The first hay crop of the year is done. Hallelujah!
Despite the lack of rain this spring, we had a decent crop of alfalfa to put away. We decided not to chop any haylage since (1) the silo unloader really doesn't care for haylage, (2) we would have a hard time keeping up with the face on an ag bag, and (3) the emergency baleage we made last year worked out so well that we decided to try it again. Along with all those, I have a selfish reason for wanting to make baleage: I would much rather smell baleage than haylage.
Last fall, when we were still feeding haylage from the silo, I had to close the silo room door when the haylage was coming down because the smell made me nauseous.

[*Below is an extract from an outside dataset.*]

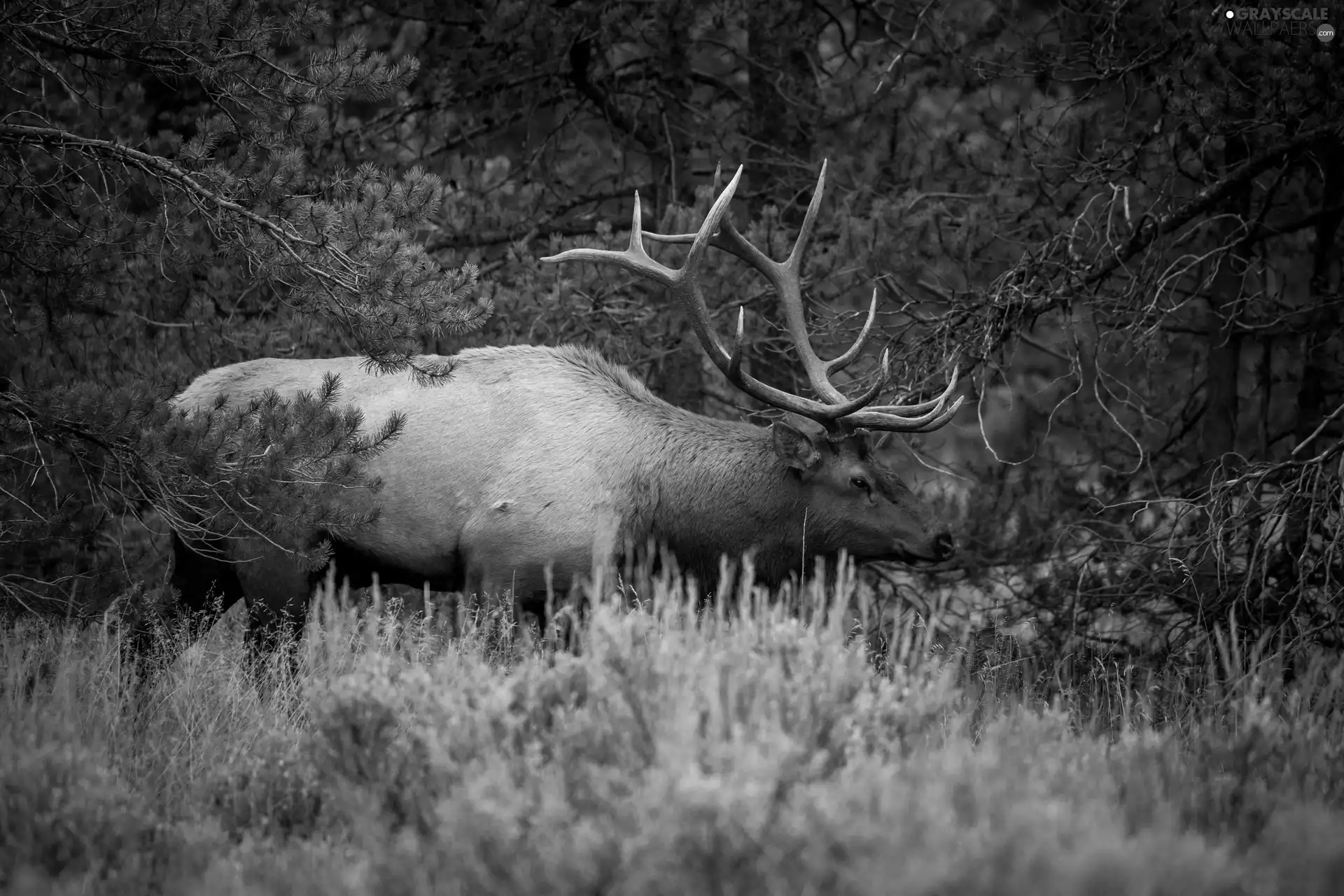 deer, forest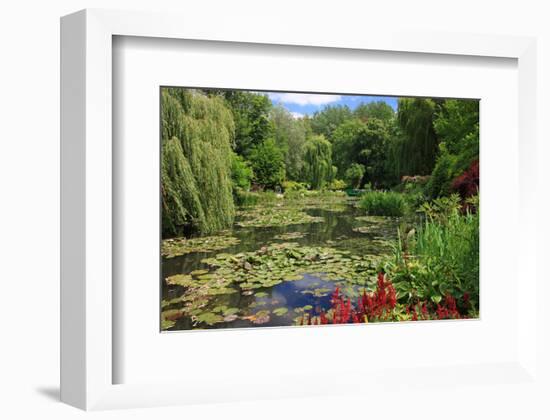 Claude Monet's Water Garden in Giverny, Department of Eure, Upper Normandy, France-null-Framed Art Print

Then we started feeding the baleage. I was outside doing chores one afternoon and couldn't figure out what smelled so yummy. I sniffed around until I found myself standing in front of a half-bale of baleage leftover from the day's ration. It took a couple more days to put a label on the smell – watermelon bubble gum. Man, I thought, no wonder the cows like it so much. If I were a cow, I think I'd much rather eat baleage than I would haylage. Glen just thinks I'm nuts.
So now we have several rows of watermelon bubble gum waiting to be chewed up by the mixer this winter. And if it ever rains, maybe we'll make more. As it is, the fields are so dry over by the baleage that the wind has coated the bales with dust. When you drive by, it looks like somebody shoved a whole bag of marshmallows onto a stick and roasted them to golden perfection.
Perfection. That's what baleage is – forage preservation perfection.